The VR software gap

When it comes to VR in the public’s mind, it’s all about the hardware. And that’s understandable, when there’s all that new and shiny tech out there: the Oculus Rift, the Leap Motion Leap, the Razer Hydra, the newly-announced Sony HMZ-T2 (couldn’t find an actual Sony link), you name it. But with that comes the unstated assumption that the hardware is all you need, that if you just buy the gadget, it will somehow work on its own. And at least when it comes to VR, that’s simply not the truth. Without proper software running it, the gadget is nothing but a glorified paperweight (of course the reverse is just as true, but I’m a software guy, so there).

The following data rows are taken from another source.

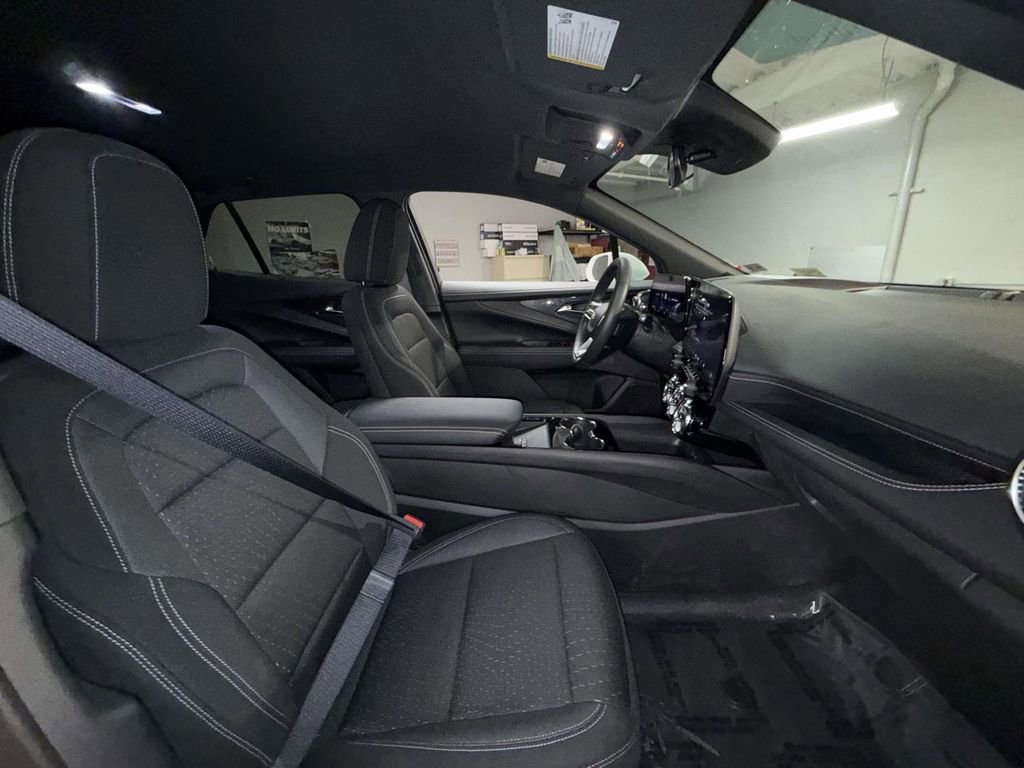 Used 2025 Chevrolet Blazer EV LT image 14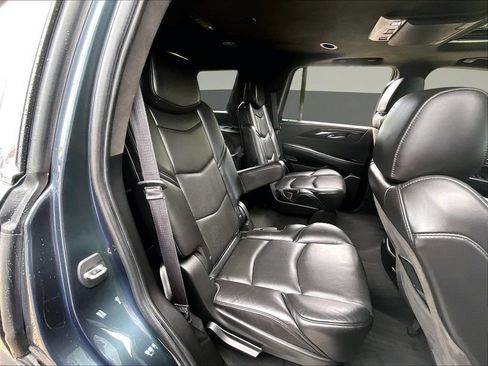 Used 2019 Cadillac Escalade Platinum AWD/4WD image 29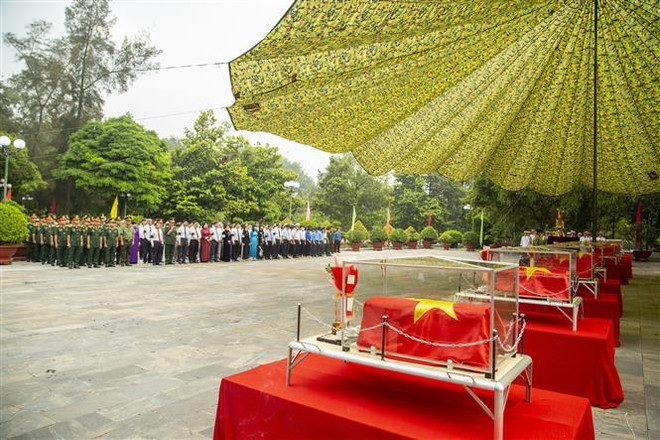 Rinden homenaje póstumo a internacionalistas vietnamitas fallecidos en Camboya ảnh 1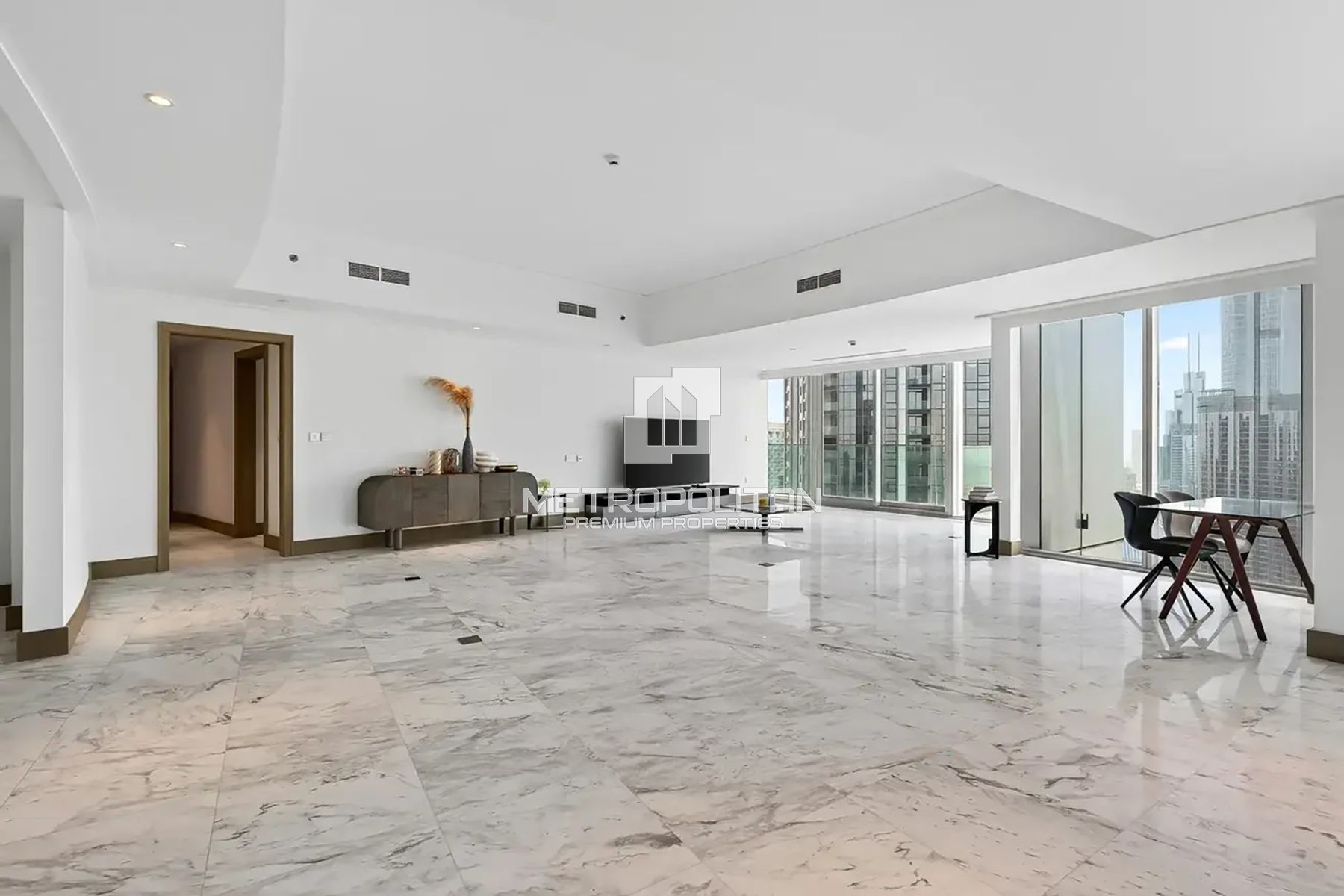 Large Penthouse | 360 Views | Ready to Move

The emphasis here is on proper software. Because all that shiny tech that came out in the past, and that nobody remembers (or tries to purge from their minds — remember the Virtual Boy? You’re welcome!), it all came with software. Just not software anybody was willing to use.

Which is why I was delighted to read this recent interview with Valve Software‘s Michael Abrash. Here’s a guy who gets it:

So first, I’ll tell you what’s necessary for VR to work well. For VR to work well, you need display technology that gives you an image both your brain and eye are happy with. Trust me, that’s much harder than you think. Even if it was just a HUD, people wouldn’t be that happy, because you’re always moving. Your head is never still. And this is moving relative to the world, and if your brain is trying to fuse it, that can be rather tiresome. I’ll tell you there are lots of issues with getting that image up in front of you.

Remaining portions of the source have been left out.